Similarly, the National Energy Commission (CNE) created in 1998 had as its essential mission to ensure effective competition in energy systems, which would include the electricity market, as well as the markets for both liquid and gaseous hydrocarbons (natural gas and oil).
The CNE regulated tariffs and service quality in natural monopolies (electricity and gas distribution and transport networks), but also promoted competition in those segments where competition was not effective (gas and electricity commercialization) and resolved conflicts or disputes between different market agents (access to transport networks).
On the other hand, the objectives of the Telecommunications Market Commission (CMT) created in 1996 were a) to be the arbitrator between operators in the face of conflicts such as network interconnection, b) to control compliance with universal service obligations, c) to assign numbering to the operators, d) to adopt measures to ensure free competition between operators, e) to set rates for regulated services, f) to set interconnection charges between networks, g) to exercise sanctioning power, h) to carry out analysis and definition of markets and finally i) to coordinate its functions with the National Competition Commission.
Lastly, the objectives of the Committee for Railway Regulation (CRF), the State Council for Audiovisual Media (CEMA), the National Commission for the Postal Sector (CNSP) and the Commission for Airport Economic Regulation (CREA) were to regulate each of the markets by setting tariffs where competition was not possible and deregulating and promoting competition where it was technically feasible and desirable.
The creation of these regulatory bodies was due to the privatization of state-owned public service companies, the end of state monopolies and the need for Spain to adapt to European regulations.
Operation of the CNMC
The CNMC exercises its functions through two governmental bodies: the Council and the President, who is also the Council’ president. The Council is a collegiate decision-making body made up of ten members appointed by the Government with the proposal of the Economy and Competitiveness Minister, and includes persons of recognized prestige and professional competence, after the candidate appears before the corresponding Commission of the Congress of Deputies. Their mandate is for 6 years, non-renewable and is subject to a strict incompatibility regime.
The Council can act in Plenary or in Room. To this end, it is organized into two rooms: one dedicated to competition issues (Competition Room) and the other to supervision of regulated sectors (Regulatory Supervision Room). The Plenary is made up of all the members of the Council and chaired by the President.

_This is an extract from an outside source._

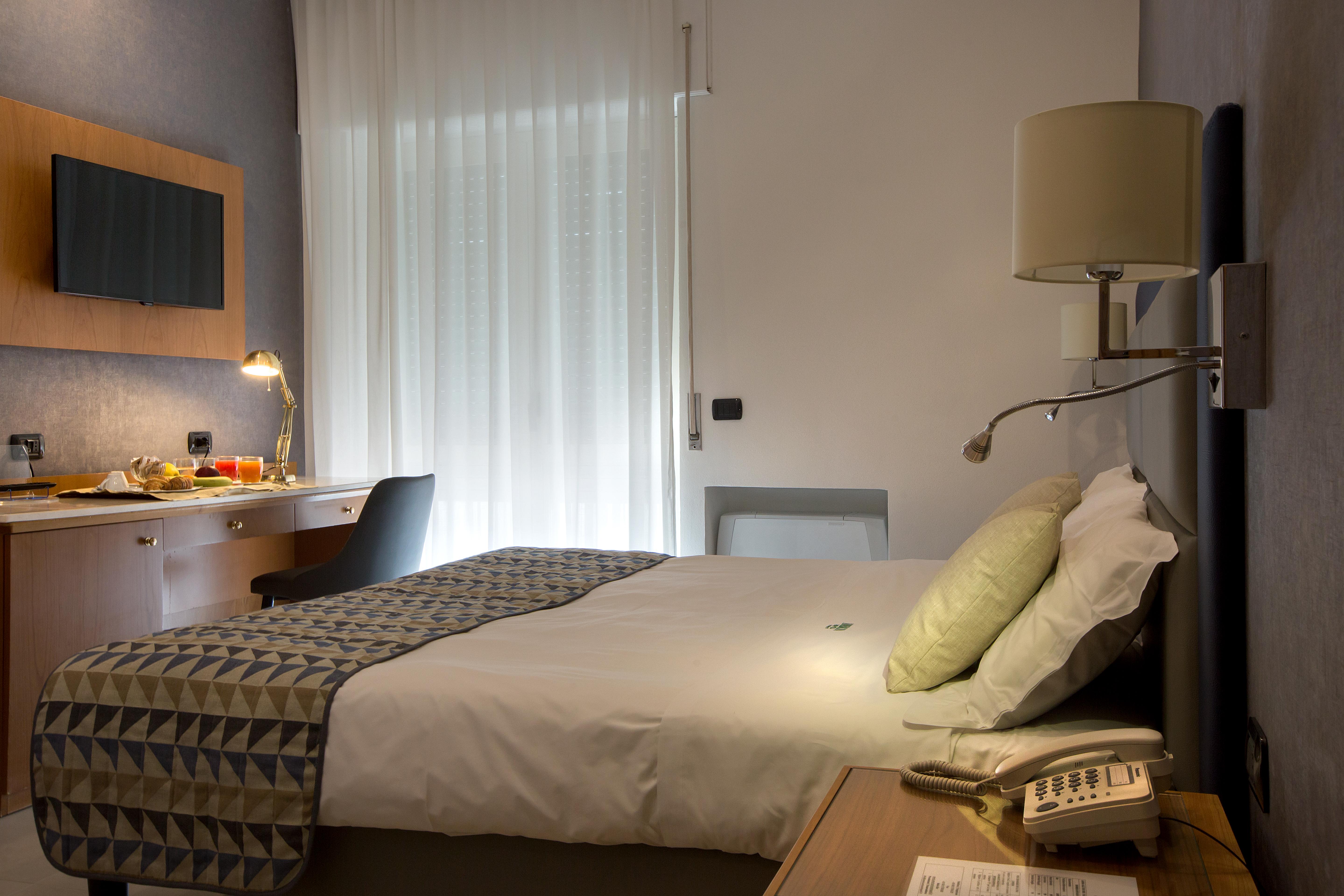 American Hotel ปอซซุออลี ภายนอก รูปภาพ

In addition, the CNMC has four directions of instruction: Competition; Energy; Telecommunications and the Audiovisual Sector, as well as Transport and the Postal Sector, as illustrated in the following table.
What are the advantages of a consolidated body?
The arguments used by the Spanish government to justify the consolidation process of the competition authority and the sector regulators in a single body are basically the following: 1) guarantee legal certainty and institutional trust, 2) avoid unnecessary duplication of control of each operator and contradictory decisions in the same matter, 3) take advantage of economies of scale and regulate the administered sectors, establishing an integrating vision in terms of regulation and the defense of competition to adapt it to the changes that have occurred in the economic environment for the benefit of consumers, 4) aim at effectiveness, efficiency, rationalization, agility, objectivity and transparency, 5) unify criteria to offer a balanced and comprehensive solution to consumer problems, 6) adjust the operation of the regulatory authority to the regulations of the European Union, especially in the telecommunications and energy sectors, seeking a greater market integration of the European Single Market.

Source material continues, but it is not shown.